Monday, March 27, 2006

Burning Ring of Talent

A Movie Review

Had it not been for the success last year of Ray (a film to which this movie has many similarities), and the unusual number of 'artie' nominees this year, I believe that James Mangolds Walk The Line would have done pretty well at the Academy Awards. Well I guess it didn't do to shabby at that, producing a well earned Oscar for its lead actress. In fact Reese Witherspoon is so sweet and charming in full southern bell mode as June Carter, you just about want to convert to country music.

This Johnny Cash bio-pic focuses on two important strains in the mans life in addition to the music. First we have the substance abuse problem.

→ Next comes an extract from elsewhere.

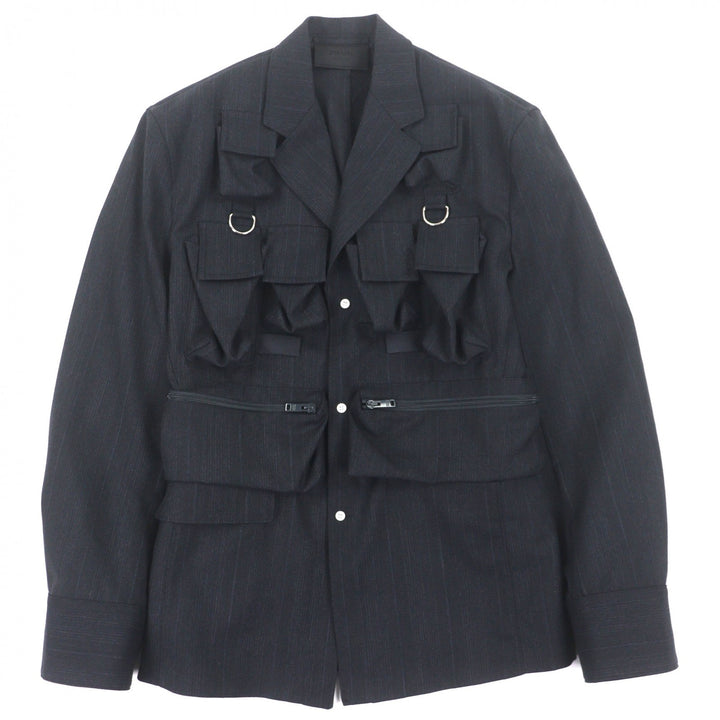 Excellent PRADA Jacket Utility Single-breasted jacket Navy mens 46 UGI269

While an over-arching fondness for music was able to get Johnny through an apparently abusive childhood, the tragic death of his beloved older brother Jake, and the early years of a lackluster first marriage, he eventually turned to drugs while on tour in the mid-50's. The film shows in highly edited form Johnnys long journey with drugs, and while constantly popping pills seemed to have little effect at first it eventually left him in tatters from which he was lucky to recover. The whole recoup thing is perhaps dealt with over-quickly, but then again we did get more then our fair share of those scenes last year with Ray.

But it is Johnnys even longer courtship with singer June Carter that is the heart of the movie and center of his life. The relationship between these two is one of the more fascinating and engaging true love stores ever put to film. As mentioned before Witherspoon is wonderful as June, but Joaquin Phoneix looks and sounds remarkably like the late Mr. Cash and gives quite a performance. So much truth about the inter-relationship between the two lead characters is communicated in song that Walk The Line qualifies as one the best musicals of the decade (we've seen a slight increase in this genre lately so I'm acutely saying something). Solid all the way through and just right at about 2 hours and 15 minutes, Walk The Line is time well spent.


At 1:21 PM, Blogger Alien Potatoe said...

This review is right on. I found the film surprisingly interesting. Being a little older I found it interesting matching my recollections with the history potrayed on the screen.

However I must take issue with the Dredge report in that i felt no temptation, even slightly, to convert to country music.